La qualité de la matière première déterminait directement celle du papier produit. Les fibres de lin, longues et résistantes, donnaient un papier solide et translucide, prisé pour la correspondance officielle et l'impression de livres. Le chanvre, plus rugueux, produisait un papier moins régulier mais particulièrement résistant à l'humidité, utilisé pour les documents d'archives et les cartes marines.

Matières premières historiques

  • Lin : fibres longues, papier régulier et résistant
  • Chanvre : fibres rugueuses, bonne tenue à l'humidité
  • Coton : introduit progressivement dès le XVIIe siècle
  • Cordages et filets de pêche récupérés dans les ports

Le pourrissage et le battage de la pâte

Les chiffons collectés étaient d'abord lavés, puis mis à macérer dans des cuves remplies d'eau. Ce processus de pourrissage, qui pouvait durer plusieurs semaines, favorisait la dégradation des fibres les plus grossières et facilitait leur séparation. L'odeur dégagée était caractéristique des moulins à papier et explique leur implantation systématique en dehors des centres urbains, à proximité des cours d'eau.

Une fois macérés, les chiffons étaient battus mécaniquement pour réduire les fibres en une bouillie homogène.

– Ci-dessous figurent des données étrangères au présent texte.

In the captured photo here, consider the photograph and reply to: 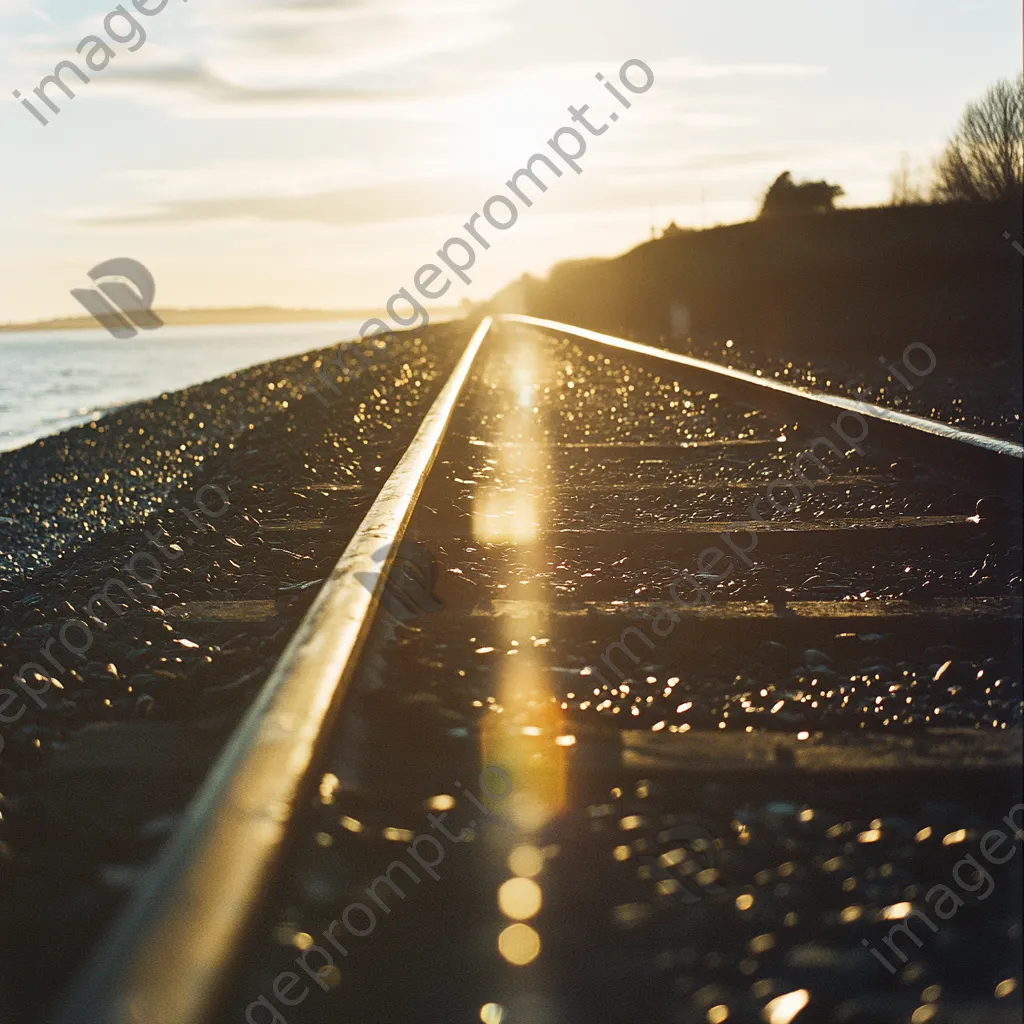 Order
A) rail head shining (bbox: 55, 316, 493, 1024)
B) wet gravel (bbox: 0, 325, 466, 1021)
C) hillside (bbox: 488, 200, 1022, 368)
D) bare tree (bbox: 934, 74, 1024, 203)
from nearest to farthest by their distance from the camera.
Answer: rail head shining (bbox: 55, 316, 493, 1024) → wet gravel (bbox: 0, 325, 466, 1021) → hillside (bbox: 488, 200, 1022, 368) → bare tree (bbox: 934, 74, 1024, 203)

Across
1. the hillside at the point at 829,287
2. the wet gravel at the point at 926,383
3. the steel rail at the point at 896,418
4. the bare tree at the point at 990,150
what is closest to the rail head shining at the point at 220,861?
the steel rail at the point at 896,418

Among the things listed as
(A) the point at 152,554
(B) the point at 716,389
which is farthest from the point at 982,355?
(A) the point at 152,554

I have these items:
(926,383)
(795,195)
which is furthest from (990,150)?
(926,383)

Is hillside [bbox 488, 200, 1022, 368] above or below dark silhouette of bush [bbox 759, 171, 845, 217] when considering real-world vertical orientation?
below

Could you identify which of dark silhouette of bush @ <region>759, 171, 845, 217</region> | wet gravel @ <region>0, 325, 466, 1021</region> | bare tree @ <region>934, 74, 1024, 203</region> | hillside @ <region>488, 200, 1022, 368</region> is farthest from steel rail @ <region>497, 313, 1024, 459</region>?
dark silhouette of bush @ <region>759, 171, 845, 217</region>

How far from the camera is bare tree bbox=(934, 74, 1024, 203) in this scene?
4519 centimetres

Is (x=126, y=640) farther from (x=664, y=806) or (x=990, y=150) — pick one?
(x=990, y=150)

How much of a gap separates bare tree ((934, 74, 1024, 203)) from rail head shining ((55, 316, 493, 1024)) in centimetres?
4814

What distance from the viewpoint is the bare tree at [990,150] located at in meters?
45.2

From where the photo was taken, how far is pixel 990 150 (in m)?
45.9

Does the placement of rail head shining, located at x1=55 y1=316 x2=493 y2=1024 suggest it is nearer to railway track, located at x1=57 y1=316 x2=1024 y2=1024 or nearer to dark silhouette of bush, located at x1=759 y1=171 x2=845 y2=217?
railway track, located at x1=57 y1=316 x2=1024 y2=1024

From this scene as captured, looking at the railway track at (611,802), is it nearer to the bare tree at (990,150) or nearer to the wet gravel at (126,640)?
the wet gravel at (126,640)

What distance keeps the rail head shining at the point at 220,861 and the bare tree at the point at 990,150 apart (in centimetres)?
4814

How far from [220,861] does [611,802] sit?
576 millimetres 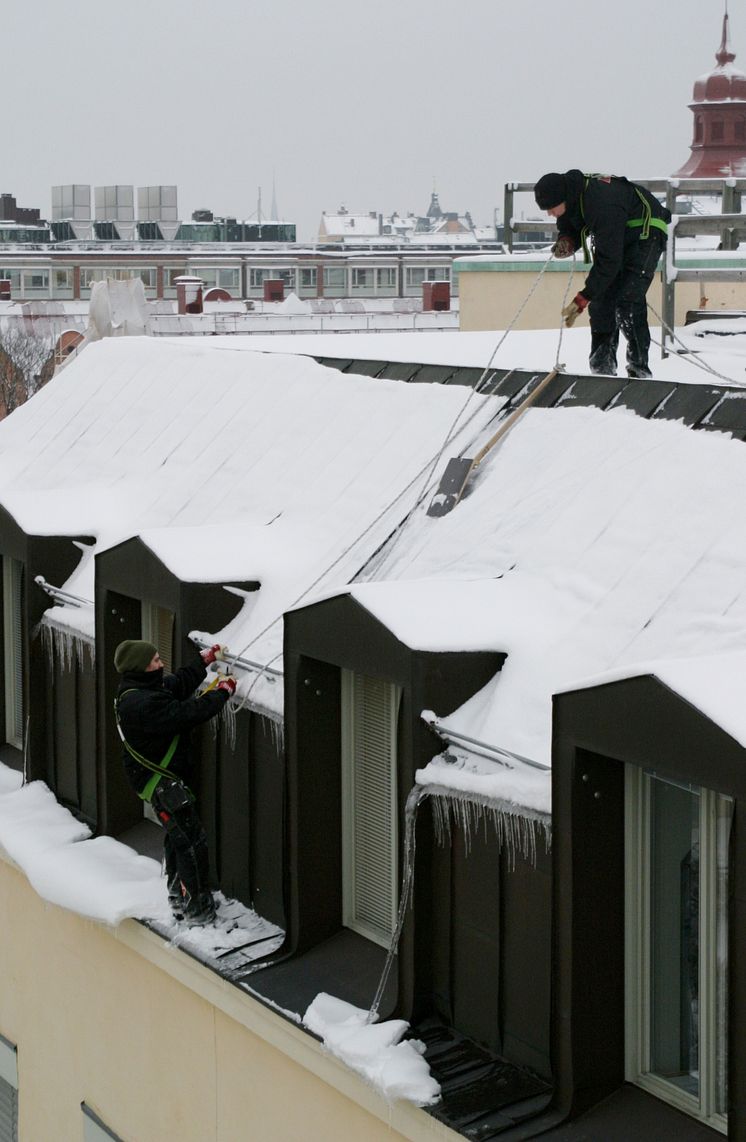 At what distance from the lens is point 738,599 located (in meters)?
6.87

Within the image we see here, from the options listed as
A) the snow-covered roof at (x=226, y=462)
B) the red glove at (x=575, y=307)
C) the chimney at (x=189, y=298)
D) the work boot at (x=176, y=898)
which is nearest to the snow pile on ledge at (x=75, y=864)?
the work boot at (x=176, y=898)

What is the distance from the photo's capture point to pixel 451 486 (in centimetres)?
945

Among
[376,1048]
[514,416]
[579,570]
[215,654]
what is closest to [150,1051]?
[215,654]

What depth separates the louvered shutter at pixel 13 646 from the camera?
497 inches

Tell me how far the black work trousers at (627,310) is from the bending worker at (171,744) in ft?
10.1

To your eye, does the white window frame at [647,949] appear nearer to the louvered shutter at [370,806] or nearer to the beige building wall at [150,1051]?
the beige building wall at [150,1051]

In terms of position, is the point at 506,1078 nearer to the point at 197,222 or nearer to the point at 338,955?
the point at 338,955

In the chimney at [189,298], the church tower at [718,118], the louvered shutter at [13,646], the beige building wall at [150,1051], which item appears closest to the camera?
the beige building wall at [150,1051]

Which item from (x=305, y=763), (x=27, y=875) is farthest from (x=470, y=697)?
(x=27, y=875)

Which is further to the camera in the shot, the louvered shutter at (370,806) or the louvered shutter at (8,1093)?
the louvered shutter at (8,1093)

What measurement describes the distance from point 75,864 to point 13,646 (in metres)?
2.80

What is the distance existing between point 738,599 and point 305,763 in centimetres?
254

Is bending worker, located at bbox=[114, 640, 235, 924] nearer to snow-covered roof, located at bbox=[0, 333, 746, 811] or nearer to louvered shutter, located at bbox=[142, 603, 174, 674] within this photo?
snow-covered roof, located at bbox=[0, 333, 746, 811]

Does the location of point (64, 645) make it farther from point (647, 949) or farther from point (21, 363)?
point (21, 363) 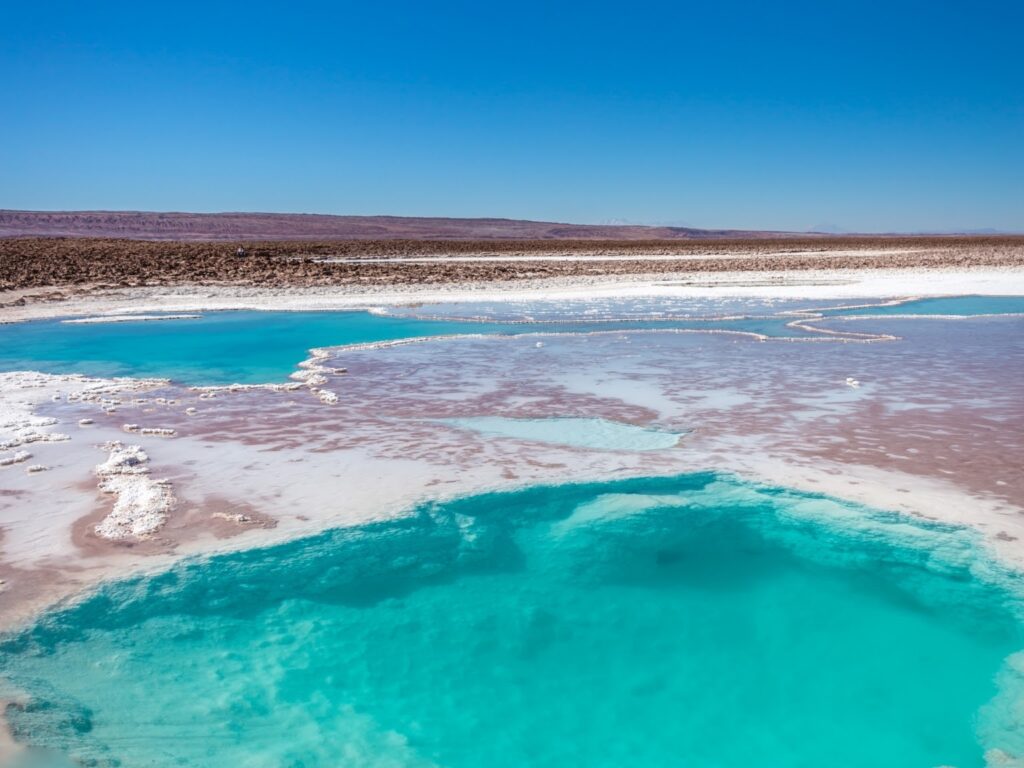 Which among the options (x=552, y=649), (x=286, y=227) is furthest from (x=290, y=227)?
(x=552, y=649)

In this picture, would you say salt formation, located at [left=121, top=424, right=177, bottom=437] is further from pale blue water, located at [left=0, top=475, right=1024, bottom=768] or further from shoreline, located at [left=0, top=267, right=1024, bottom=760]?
pale blue water, located at [left=0, top=475, right=1024, bottom=768]

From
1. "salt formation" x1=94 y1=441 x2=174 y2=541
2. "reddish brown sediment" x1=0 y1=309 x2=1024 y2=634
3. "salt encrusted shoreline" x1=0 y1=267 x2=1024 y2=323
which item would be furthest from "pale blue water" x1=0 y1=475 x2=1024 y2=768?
"salt encrusted shoreline" x1=0 y1=267 x2=1024 y2=323

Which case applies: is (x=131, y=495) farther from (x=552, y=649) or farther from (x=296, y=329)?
(x=296, y=329)

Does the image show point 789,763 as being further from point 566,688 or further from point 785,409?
Result: point 785,409

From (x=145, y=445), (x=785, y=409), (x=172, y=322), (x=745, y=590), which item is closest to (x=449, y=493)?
(x=745, y=590)

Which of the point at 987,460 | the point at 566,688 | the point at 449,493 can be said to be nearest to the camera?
the point at 566,688

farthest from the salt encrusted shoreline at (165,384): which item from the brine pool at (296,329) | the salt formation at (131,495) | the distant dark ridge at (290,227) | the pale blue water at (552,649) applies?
the distant dark ridge at (290,227)

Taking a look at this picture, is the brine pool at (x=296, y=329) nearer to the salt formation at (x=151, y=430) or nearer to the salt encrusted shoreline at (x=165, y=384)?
the salt encrusted shoreline at (x=165, y=384) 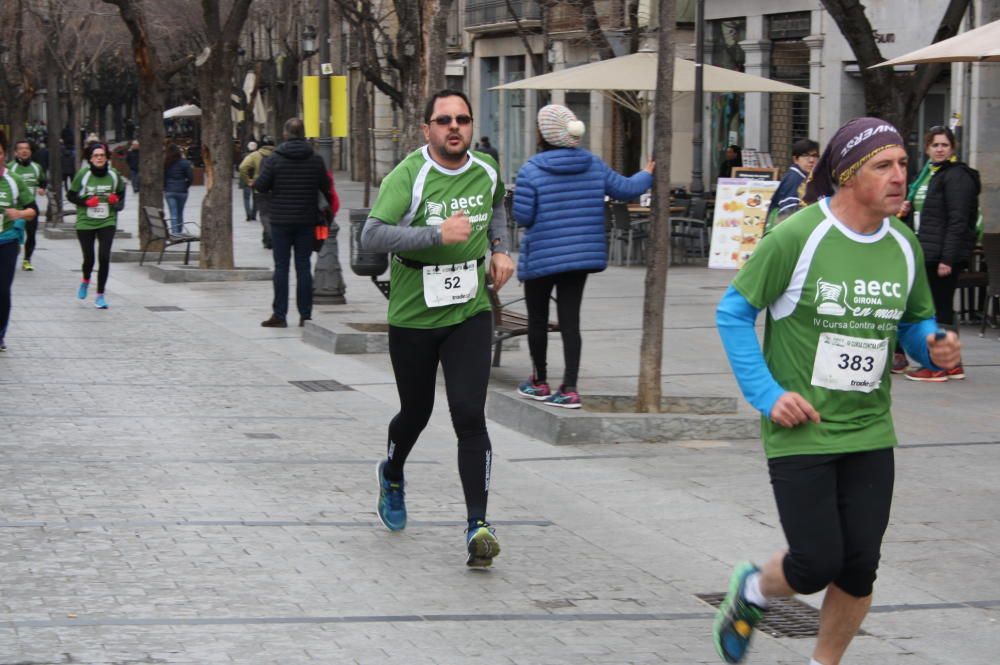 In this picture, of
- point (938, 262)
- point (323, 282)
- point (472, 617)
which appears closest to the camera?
point (472, 617)

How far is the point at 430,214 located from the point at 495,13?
1683 inches

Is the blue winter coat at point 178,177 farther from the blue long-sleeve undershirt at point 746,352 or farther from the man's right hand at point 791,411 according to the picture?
the man's right hand at point 791,411

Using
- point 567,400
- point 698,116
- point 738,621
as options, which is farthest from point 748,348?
point 698,116

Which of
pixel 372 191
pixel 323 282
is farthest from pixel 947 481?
pixel 372 191

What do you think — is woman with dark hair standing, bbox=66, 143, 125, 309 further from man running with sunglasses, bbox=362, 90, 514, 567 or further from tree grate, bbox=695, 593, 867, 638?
tree grate, bbox=695, 593, 867, 638

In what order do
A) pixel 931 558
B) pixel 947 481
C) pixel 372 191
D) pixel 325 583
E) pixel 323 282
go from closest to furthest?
1. pixel 325 583
2. pixel 931 558
3. pixel 947 481
4. pixel 323 282
5. pixel 372 191

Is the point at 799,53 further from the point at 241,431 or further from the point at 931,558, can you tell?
the point at 931,558

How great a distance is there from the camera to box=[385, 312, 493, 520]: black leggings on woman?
21.8 ft

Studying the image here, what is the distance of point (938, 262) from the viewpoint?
41.0 feet

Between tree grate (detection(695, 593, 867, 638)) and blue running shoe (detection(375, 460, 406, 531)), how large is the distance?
4.93ft

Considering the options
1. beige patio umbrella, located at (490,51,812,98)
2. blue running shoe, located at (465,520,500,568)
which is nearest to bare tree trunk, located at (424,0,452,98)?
beige patio umbrella, located at (490,51,812,98)

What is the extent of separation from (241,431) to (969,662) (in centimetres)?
542

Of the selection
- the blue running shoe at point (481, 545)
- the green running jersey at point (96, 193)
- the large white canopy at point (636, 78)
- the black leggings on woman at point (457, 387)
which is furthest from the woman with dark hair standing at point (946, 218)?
the green running jersey at point (96, 193)

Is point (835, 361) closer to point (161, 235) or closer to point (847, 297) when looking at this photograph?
point (847, 297) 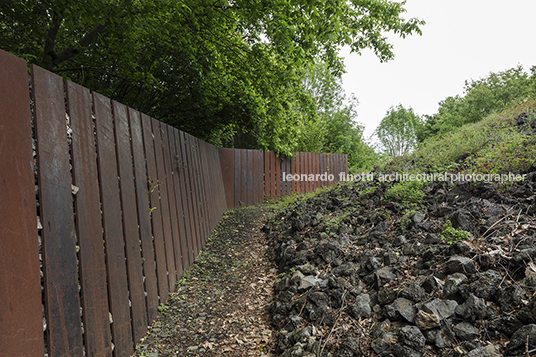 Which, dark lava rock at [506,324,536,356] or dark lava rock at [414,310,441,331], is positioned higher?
dark lava rock at [506,324,536,356]

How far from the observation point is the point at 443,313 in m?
2.04

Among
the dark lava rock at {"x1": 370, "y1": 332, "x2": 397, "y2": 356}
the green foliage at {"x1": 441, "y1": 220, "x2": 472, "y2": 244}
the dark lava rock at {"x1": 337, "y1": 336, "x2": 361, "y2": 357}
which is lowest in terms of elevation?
the dark lava rock at {"x1": 337, "y1": 336, "x2": 361, "y2": 357}

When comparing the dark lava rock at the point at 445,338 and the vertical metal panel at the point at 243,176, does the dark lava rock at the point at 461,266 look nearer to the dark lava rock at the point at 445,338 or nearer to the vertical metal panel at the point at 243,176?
the dark lava rock at the point at 445,338

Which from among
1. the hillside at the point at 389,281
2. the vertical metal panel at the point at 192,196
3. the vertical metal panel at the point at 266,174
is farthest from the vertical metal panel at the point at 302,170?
the vertical metal panel at the point at 192,196

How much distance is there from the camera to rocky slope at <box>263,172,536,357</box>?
189 centimetres

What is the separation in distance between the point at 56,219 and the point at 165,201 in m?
1.82

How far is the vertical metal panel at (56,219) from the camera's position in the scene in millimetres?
1509

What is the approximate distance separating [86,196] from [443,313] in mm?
2588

Dans les moulins traditionnels, des maillets en bois actionnés par une roue hydraulique frappaient la matière dans des cuves en pierre. Ce travail, long et bruyant, pouvait durer plusieurs heures pour chaque fournée.

Séchage de feuilles de papier fabriquées à la main
Feuilles de papier en cours de séchage après formage sur cadre. Wikimedia Commons / CC.

La forme et le cadre : l'étape du formage

La pâte diluée dans un grand volume d'eau formait ce que les papetiers appelaient la « pisside » ou la « hollande ». Le papetier plongeait dans cette cuve une forme rectangulaire composée d'une armature en bois tendue d'un treillis métallique fin. En retirant lentement le cadre, il étalait une couche uniforme de fibres sur le treillis, le surplus d'eau s'écoulant par gravité.

Le motif de ce treillis laissait une empreinte dans la feuille, visible par transparence : ce sont les vergures et les pontuseaux caractéristiques du papier dit « vergé ». La forme définissait également la dimension standard de la feuille. En France, plusieurs formats ont été normalisés au cours du XVIIe siècle, notamment le « raisin » (50 × 65 cm) et le « jésus » (56 × 72 cm), toujours en usage dans la papeterie de qualité.

Le couché et l'égouttage

Après le formage, la feuille encore gorgée d'eau était délicatement retournée sur un feutre de laine. Ce geste, appelé le couché, demandait une précision considérable pour éviter les déchirures. Les feutres et les feuilles alternés s'empilaient pour former une « pose », qui était ensuite pressée dans un pressoir à vis en bois afin d'éliminer le maximum d'eau.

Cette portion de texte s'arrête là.